You don’t have to let the sourdough discard rise before using it, but I did when I made this recipe. By allowing it to sit for four hours at room temperature, I found that it developed a few more bubbles, a delicious sour, tangy flavor that really added to the flavor and lightness of the biscuits. 

One batch makes a dozen biscuits – I doubled it because I had so much starter to use up. I had about two to three cups of discarded starter after just five days of feeding Ethel – you might have less or more depending on the frequency of your feedings and what stage of baking you are in. 
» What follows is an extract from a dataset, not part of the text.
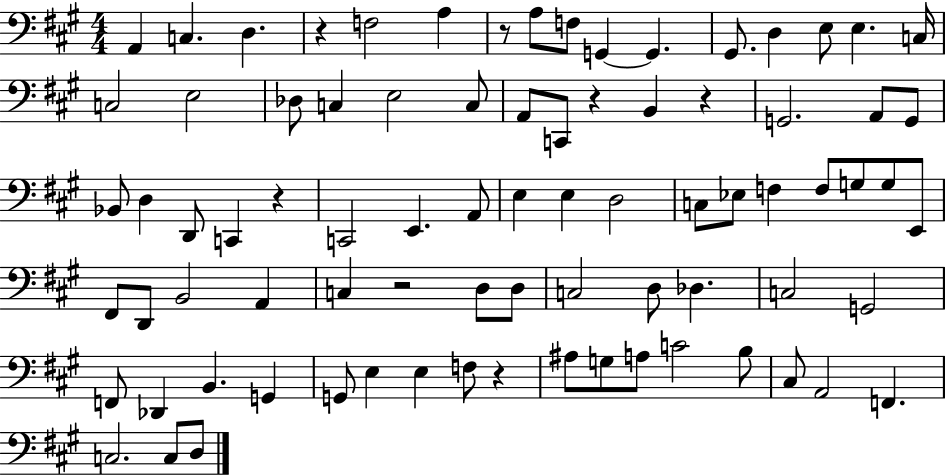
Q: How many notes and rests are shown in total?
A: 81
You can use any kind of flour you want to feed your starter and make your biscuits. I’ve tried all kinds but prefer unbleached all-purpose flour. I’ve used whole wheat flour in the past because I wanted the bread to be healthier and I’ve also heard that it improves the tanginess of the bread. Unfortunately, it was just a bit too sour for my liking. But the choice is ultimately yours!

I used my KitchenAid stand mixer to blend my ingredients and worked perfectly. You could also use a hand mixer but I would not recommend mixing these by hand. The dough is incredibly dense and heavy, and your arm is apt to fall off in the process!

Finally, if your dough seems dry, don’t be afraid to add a bit of milk or buttermilk (here’s a hack on how to make your own buttermilk if you don’t have any in the refrigerator). The dryness is just cause starter can vary significantly in how wet or dry it is. You can also add a splash of milk, if you don’t like the taste of buttermilk. 


  • 1 cup of flour
  • A heaping cup of sourdough discard
  • 1 stick (½ cup) of cold butter  
  • 2 tsp baking powder
  • ¾ tsp salt


1. Preheat the oven to 350 degrees. 

sourdough biscuit recipe
Photo: Rebekah Pierce

2. Combine your dry ingredients in a mixing bowl. Mix on low. 

3. Add your wet ingredients, including the butter and starter. Continue to mix until you have a cohesive dough. 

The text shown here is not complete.